FAMUs New Athletic Director Projected to Bring Revenue

FAMUs CFO Dale Cassidy addressing the Board of Governors

Members of Florida A&M University’s Board of Trustees gathered Tuesday to discuss plans to reduce the financial deficit that FAMUs Athletic Department currently faces.

The new Athletic Director Milton Overton is projected to increase revenue and cut expenses in the upcoming fiscal year.  This is the third consecutive year that the athletic program has faced a financial deficit.

FAMU’s Chief Financial Officer, Dale Cassidy, explained that FAMUs current athletic budget will leave the school with a balance of $100,000 at the end of the fiscal year. The Florida Board of Governors Office suggested that the six figure balance is not enough to start a realistic deficit reduction plan.

The school is currently at an $8.9 million deficit and must pay this balance immediately or receive penalties from the state.

“We believe the message from the Board of Governors was to show them more revenue, so that we can be more than a $100,000 in contribution at the end of the year,” said Cassidy.

Overton, who previously served six years as the University of Alabama’s Senior Associate Athletics Director, is working diligently to help project revenues for the incoming year.

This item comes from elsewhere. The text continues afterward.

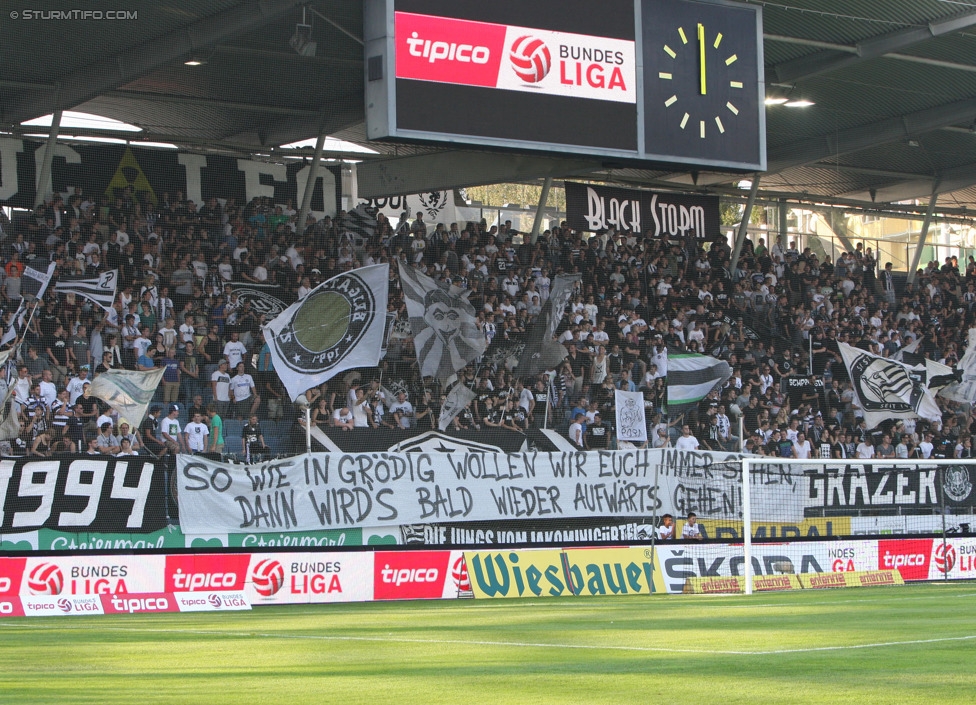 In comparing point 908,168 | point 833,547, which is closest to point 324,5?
point 833,547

According to a report released by FAMU’s Audit and Compliance Committee, the Athletic Department’s current revenues are primarily derived from the student athletic fee, ticket sales, and sales of goods.

This past 2014-2015 season, the FAMU basketball team was winless, and game attendance quickly dwindled game after game. The lack of student participation and attendance can be credited as a factor for the increasing decline in athletic revenues.

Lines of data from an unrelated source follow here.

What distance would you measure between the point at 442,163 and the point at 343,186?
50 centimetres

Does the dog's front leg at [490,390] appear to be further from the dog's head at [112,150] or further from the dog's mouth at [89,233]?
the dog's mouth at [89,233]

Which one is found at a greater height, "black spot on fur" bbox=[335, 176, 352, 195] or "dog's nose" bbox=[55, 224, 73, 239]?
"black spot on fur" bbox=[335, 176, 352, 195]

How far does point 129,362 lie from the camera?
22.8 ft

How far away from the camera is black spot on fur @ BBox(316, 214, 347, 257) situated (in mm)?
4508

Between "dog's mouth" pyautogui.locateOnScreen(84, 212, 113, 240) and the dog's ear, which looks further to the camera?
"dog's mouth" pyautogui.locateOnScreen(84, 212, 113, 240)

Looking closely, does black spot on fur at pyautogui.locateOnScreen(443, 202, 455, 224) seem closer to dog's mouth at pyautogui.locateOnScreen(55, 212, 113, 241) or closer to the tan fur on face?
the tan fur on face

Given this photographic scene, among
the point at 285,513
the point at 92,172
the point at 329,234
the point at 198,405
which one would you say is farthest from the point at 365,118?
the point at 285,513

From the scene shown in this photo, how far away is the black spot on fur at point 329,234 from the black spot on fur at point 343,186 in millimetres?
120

Byron Samuels, FAMU’s head basketball coach , asserts that “the only way to have success in all sports is through student participation.”

Currently students pay a $13.97 athletic fee that is included in tuition. The fee allows students to attend sports events for free.

Samuels goes into detail about the efforts that have been previously made to increase student participation at sports events.

“Last year we met with a dozen student groups to tell them about games and support their causes.”

Milton, who was not in attendance at Tuesday’s meeting, starts his new job August 3, and will present a plan just in time for the committee’s August 6 meeting.  Cassidy clarified that the revised plan is projected to bring more than the $100,000 balance previously stated in the Athletic Department’s budget.

In 2013, Florida’s Legislature passed a law that required institutions that failed three consecutive audits to go to the Legislature Audit Committee and justify their reasons for not fixing the issue. If the committee is unsatisfied with the response given, the law gives the Board of Governors the authority to take action.

Richard Givens, vice president of Audit and Compliance, went into detail regarding the potential threats the school faces if proper action isn’t taken right away.  

“We risk periodic monitoring that could ultimately withhold funding if the issue is not fixed,” said Givens. “What we don’t know is how aggressive the Board of Governors would approach this.”

A financial deficit is not the only problem FAMU’s athletic department is facing. In a recent audit, the National Collegiate Athletic Association (NCAA) showed the school’s failure to comply with corporate regulations. FAMU is being cited for failing to notify students on athletic scholarships if reduction or cancellation occurs. The school is also being cited for not having drug test consent forms on file.